Flat subject. No worries about paper curl. If you shoot with the camera through glass, you're liable to get nice sharp photos of dust on the glass.
No lens distortion to worry about.
Custom (and precise) cropping.
Variable resolution. A number of these prints were quite small. Our target size was 8 x 10-inch prints, so we wanted to be able to scan the originals at a high enough resolution to get a printing resolution of roughly 150 dpi.
But you can do quite well in a pinch, as we've said before, copying photos with a digicam that has an image size that can accommodate your print size. Once you've got a reliable setup, it's faster and it can accommodate even awkward originals. Like those framed heirlooms.
In addition to setting our sampling size (or resolution) to somewhere between 300 and 600 dpi, we set our capture mode to grayscale. These antiques were, of course, made well before color photography was common. A few were sepia toned, but we decided to standardize them all as grayscale images.

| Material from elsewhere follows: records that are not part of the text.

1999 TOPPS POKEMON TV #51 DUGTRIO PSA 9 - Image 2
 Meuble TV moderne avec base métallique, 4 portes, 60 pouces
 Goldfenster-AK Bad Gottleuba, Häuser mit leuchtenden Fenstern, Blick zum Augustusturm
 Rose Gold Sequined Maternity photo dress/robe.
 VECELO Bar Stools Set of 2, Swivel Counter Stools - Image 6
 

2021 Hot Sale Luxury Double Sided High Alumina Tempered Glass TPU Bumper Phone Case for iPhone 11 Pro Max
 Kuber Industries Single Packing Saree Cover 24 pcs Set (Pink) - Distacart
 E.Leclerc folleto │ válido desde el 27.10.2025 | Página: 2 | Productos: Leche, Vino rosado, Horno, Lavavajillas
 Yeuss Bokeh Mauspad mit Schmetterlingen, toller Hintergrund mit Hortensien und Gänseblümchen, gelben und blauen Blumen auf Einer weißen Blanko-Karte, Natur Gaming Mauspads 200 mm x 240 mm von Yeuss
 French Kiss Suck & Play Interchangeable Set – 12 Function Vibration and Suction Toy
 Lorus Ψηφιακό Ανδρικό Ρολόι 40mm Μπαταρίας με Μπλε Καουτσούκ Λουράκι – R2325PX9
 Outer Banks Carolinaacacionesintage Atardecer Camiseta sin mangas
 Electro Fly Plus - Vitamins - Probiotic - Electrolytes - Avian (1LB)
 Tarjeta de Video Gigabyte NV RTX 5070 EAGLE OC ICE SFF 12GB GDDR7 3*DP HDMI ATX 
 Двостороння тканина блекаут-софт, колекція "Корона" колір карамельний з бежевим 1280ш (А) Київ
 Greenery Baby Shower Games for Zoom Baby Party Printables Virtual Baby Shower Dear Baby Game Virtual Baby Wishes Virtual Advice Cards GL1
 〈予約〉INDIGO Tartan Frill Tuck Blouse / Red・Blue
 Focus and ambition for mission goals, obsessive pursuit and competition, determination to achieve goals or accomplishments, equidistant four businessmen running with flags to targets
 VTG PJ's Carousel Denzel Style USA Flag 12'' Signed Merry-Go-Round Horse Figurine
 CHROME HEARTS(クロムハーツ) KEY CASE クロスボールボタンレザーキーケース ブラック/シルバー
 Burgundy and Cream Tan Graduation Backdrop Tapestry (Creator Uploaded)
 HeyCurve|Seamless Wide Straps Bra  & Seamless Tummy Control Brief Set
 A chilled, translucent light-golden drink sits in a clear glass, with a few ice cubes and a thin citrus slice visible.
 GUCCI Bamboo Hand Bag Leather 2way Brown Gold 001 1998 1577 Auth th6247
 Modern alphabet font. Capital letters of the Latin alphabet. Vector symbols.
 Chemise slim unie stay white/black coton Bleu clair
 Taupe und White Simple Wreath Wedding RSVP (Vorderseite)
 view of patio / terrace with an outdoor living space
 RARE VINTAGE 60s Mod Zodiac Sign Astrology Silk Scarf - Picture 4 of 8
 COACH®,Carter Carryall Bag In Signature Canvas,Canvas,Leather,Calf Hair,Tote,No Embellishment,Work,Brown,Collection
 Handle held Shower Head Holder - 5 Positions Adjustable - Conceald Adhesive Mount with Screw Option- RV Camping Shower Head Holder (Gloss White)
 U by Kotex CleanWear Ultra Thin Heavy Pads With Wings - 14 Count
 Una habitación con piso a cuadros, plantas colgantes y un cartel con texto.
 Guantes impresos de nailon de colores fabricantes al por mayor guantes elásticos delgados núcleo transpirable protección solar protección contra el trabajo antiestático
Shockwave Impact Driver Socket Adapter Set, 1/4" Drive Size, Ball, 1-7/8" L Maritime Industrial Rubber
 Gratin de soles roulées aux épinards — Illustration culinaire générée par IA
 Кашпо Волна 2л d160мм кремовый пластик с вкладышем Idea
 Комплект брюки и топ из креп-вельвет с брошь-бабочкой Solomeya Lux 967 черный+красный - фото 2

That was an artistic decision. We simply wanted them all to match. If we later decided to print them in sepia, we could run a Photoshop action to convert them to sepia prints with consistent tone.
Our Obsolete Scanner has a very functional Photoshop plug-in that lets us do all sorts of things which we usually prefer to do post-scan (where we can undo or fade the effect). It's very good at picking the highlight and shadow, though, so we let it do that when we can make an intelligent selection. And it shows us what it's done in the preview, so if there's any confusion, we can set the highlight and shadow points manually before the Obsolete grinds away.
But no matter what we did on a couple of the images, our black was just a horrible, gray shadow. No black at all. Turns out these images (which were not the oldest) were printed on a textured paper. A sort of linen-embossed texture. Excellent for napkins. Lousy for Obsolete Scanners.
All, fortunately, was not lost. By scanning in RGB mode, the scanner's native mode in fact, we were able to pick up a black in these prints on difficult papers. A conversion to grayscale in Photoshop then let us continue on our merry way.
Moral: To get the maximum density range from a difficult black-and-white print, try scanning in RGB mode.